Moving your capital city is a pretty big effort. Government has to reorganised entirely, and with a new administrative centre comes a whole load of building that needs to be done. But if the city in question is facing devastating environmental change, that might be the only option.
This, sadly, is exactly what’s happening in Indonesia. President Joko Widodo announced in 2019 that the capital would need to move from Jakarta due to rising sea levels and the risk of building collapse. Now the name of the new city has been unveiled: Nusantara, which means ‘archipelago’. It’s being built in the province of East Kalimantan on the island of Java.
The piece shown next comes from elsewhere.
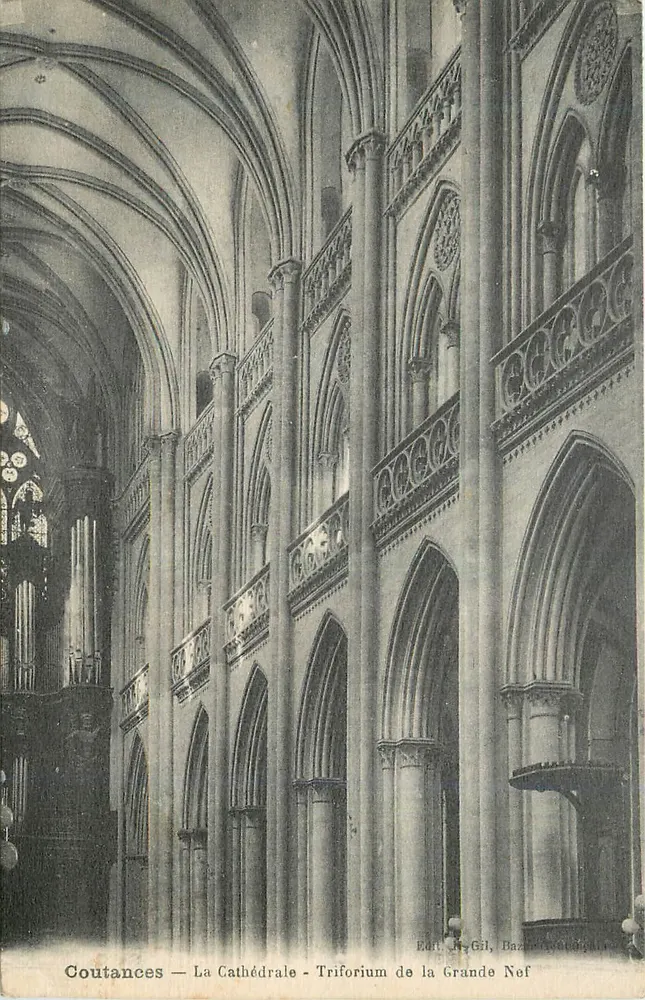 Coutances — Die Kathedrale — Triforium der Großen Nave - Vorderseite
Jakarta has been notorious for flooding for decades. In fact, it’s literally sinking. Thirteen rivers run through the city, which is built on extremely swampy land. As a result, water is constantly being pumped out, but this has caused building foundations to crumble and some parts of the city have sunk 25cm per year – way below sea level.
Nusantara is going to be built to be flood-resistant, making the lives of its residents less dangerous. And it’s hoped that by moving the capital to Kalimantan, this will help redistribute wealth across the country, too. But despite those social benefits, environmentalists have criticised the plans, saying it could harm endangered species including orang’utans, sun bears and long-nosed monkeys.
The debate rumbles on – but with the construction of Nusantara slated to begin later this year, we’ll soon be able to see successful the move really is.